Wallace: The Mountain That Flays
Now, Wallace’s speech on all things freedom and facial hair comes from the book History of Scotland written in 1841, and marks a familiar pattern of the dubious accuracy of quotes, facts and descriptions attributed to Wallace, especially considering the romanticism of Scottish figures by writers of such histories through the centuries and how little we actually know of the real William Wallace. Even his birth is hard to pin down, with dates ranging over a period of 18 years, from 1260 to 1278. His father is generally taken to be Sir Malcolm Wallace of Elderslie in Paisley, however Wallace’s seal on the “Lubeck Letter”, the letter Wallace and Andrew Murray (yes, this is the same Andrew de Moray, but it appears to be a different spelling) sent as Guardians of Scotland in 1297 says “William, son of Alan Wallace”. An Alan Wallace does exist on the Ragman’s Roll, a list of landowners who swore loyality to The King of England Edward I in 1296, meaning Wallace’s father, as well as his place of birth are all called into question. Even his marriage to Marion Braidfute, so famously touted as his reason for rebellion and killing of the Earl of Lannark in Braveheart, is hard to prove. We know that he had two brothers, Malcolm and John, and that John died in London though a similar fate to Wallace. Nonetheless, Wallace’s quote shows us two things- Wallace was clearly regarded a leader of the Scottish forces during the battle, and apparently lived in a time when beards were pretty darn fashionable.

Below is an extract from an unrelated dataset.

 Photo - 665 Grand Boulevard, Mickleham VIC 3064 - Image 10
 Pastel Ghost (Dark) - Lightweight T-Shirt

“He was a tall man with the body of a giant, cheerful in appearance with agreeable features, broad-shouldered and big-boned, with belly in proportion and lengthy flanks, pleasing in appearance but with a wild look, broad in the hips, with strong arms and legs, a most spirited fighting-man, with all his limbs very strong and firm.” – Passage of the Scotichronicon, 14th century
It becomes clear from descriptions of Wallace that he struck an imposing figure, with some accounts claiming Wallace to be as tall as 6 foot 7, a giant of a man by even today’s standards, even more so 700 years ago when the average height was about 5 foot 8. Another source of evidence comes from his purported sword, “The Wallace Sword“, which hangs on display in the National Wallace Monument in Stirling. The sword is a Scottish Claymore (claidheamh-mòr), and at 5 feet 8 inches (ie. the height of Camilla, Duchess of Cornwall!) and weighting over 6 pounds (that’s the weight of 6 labrador puppies!), it strikes as an imposing example of how big Wallace may have been. Now, like everything Wallace related, the authenticity of this sword is very dubious, with many parts having been replaced and gone missing since its “discovery”, such as the distinctive claymore hilt and the legendary belt (or baldric) and scabbard which were apparently made from the flayed skin of Hugh De Cressingham, the hated English Treasurer for Scotland that was killed at the Battle of Stirling Bridge (we’ll get to that later). Authentic or not however, it adds to the idea that Wallace struck an imposing figure, an obvious leader and not to mention metal as fuck.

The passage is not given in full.